The tweaks, authored by Sen. J.P. Morrell, D-New Orleans, amended the original bill’s most significant premise: raising the minimum age of dancers at strip clubs and similar venues to 21. Morrell’s amendment, which was supported by every committee member but Johns, took the age back to the original 18-and-up.
The committee was unanimous in its decision to send the amended bill to the full Senate for debate.
Morrell argued that sex trafficking does not specifically affect people age 18 to 21, but all people. He said his amendment seeks to protect everyone, not just the youngest sect.
Morrell’s amendment, to which only Johns objected to on final vote, also establishes human trafficking education training program created by Alcohol and Tobacco Control and implemented by the adult entertainment venue, which encompasses all types of organizations, including strip clubs, truck stops and adult stores.
The amendment also restricts alcohol and beverage licenses to venues that fail to comply with the provisions.
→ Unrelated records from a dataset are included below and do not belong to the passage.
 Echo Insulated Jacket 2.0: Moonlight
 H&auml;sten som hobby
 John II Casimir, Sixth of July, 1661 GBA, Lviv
Morrell said the purpose of this was to hold all involved accountable, not just those who are under-aged.
“If there’s no alcohol at a lot of these venues, then these venues cease to exist,” Morrell said.
Johns’ Senate Bill 90, which last year passed without dissent through the House and Senate into law, only raised the age the stripper age to 21. A U.S. federal judge ruled that the original language was vague and overbroad, but did not reference the minimum age requirement of 21 as an issue.
After the committee adjourned, New Orleans Councilmember Kristin Gisleson Palmer called Morrell’s amendment “bullshit.”
“If they were genuinely concerned, they would do the amendments but keep it at 21,” Gisleson Palmer said. She said mandating the age to 21 is easier to enforce, and Morrell’s provision changes nothing.
“All it’s doing is making all the senators feel better for voting against the 21 [mandate] because the strip club industry was scared this would set a precedent that would go nationwide to change all ages to 21 [and reduce revenues]...They don’t genuinely care.”
Gisleson Palmer, who grew up in New Orleans, testified before the committee with the story of her identical twin sisters, one of which began stripping at age 19 and fell subject to depression and a vicious cycle of drugs, alcohol and sexual abuse.
Eventually, despite countless efforts and searches on Bourbon Street by Gisleson Palmer and her seven other siblings, both twins committed suicide within a year and a half of one another.
“There is no doubt in my mind that [my sister’s] stripping was a major contributing factor to her death,” Gisleson Palmer told the committee.
“No one under 21 can drink alcohol or go into these establishments,” Gisleson Palmer told the committee. “Why should they be allowed to strip there?” Gisleson Palmer noted current workers are hired as independent contractors, not employees with benefits or hourly wage.
Assistant Attorney General Emily Andrews reminded the committee that the judge ruled the act vague and overbroad because it could apply to theatrical performances, such as ballets or burlesque shows, where there would be semi-nude young women and alcohol beverages would be served. SB144 was amended to exempt such performances.
Undercover law enforcement found drug dealing and prostitution in 24 Louisiana strip clubs in October 2015. The U.S. Department of Justice reported in 2016 that human trafficking victims are often forced and coerced to perform commercial sex acts in strip clubs and massage parlors.
Jim Kelly, executive director of Covenant House in New Orleans, said 70 percent of the 90 human trafficking victims his organization has treated in the past 12 months were from Louisiana.
Of those victims, Kelly said, 55 percent of their female victim survivors have a history of dancing in clubs, while 98 percent had danced in a club before age 21. Kelly also said 94 percent of those survivors were first trafficked before they were 21. Nearly all of those victims had a previous history of sexual abuse, assault and rape, and nearly all suffer from trauma.
Alexander Lutnick, senior assistant at RTI International, which conducts research on human trafficking, also said many cases that Johns’ bill seeks to eliminate stem from a young woman’s intimate partner coercing her to dance at the clubs. Lutnick said the provisions should be expanded to include young adult men, as well as other labor sectors beyond strip clubs.
The lone woman on the committee, Sen. Karen Carter Peterson, D-New Orleans, said she would like to see hard data from those both for and against the 18-and-up provision.
Johns, who left the meeting disappointed, said he “really likes” parts of Morrell’s amendment, but it undermines his original intent. “It’s baby steps.”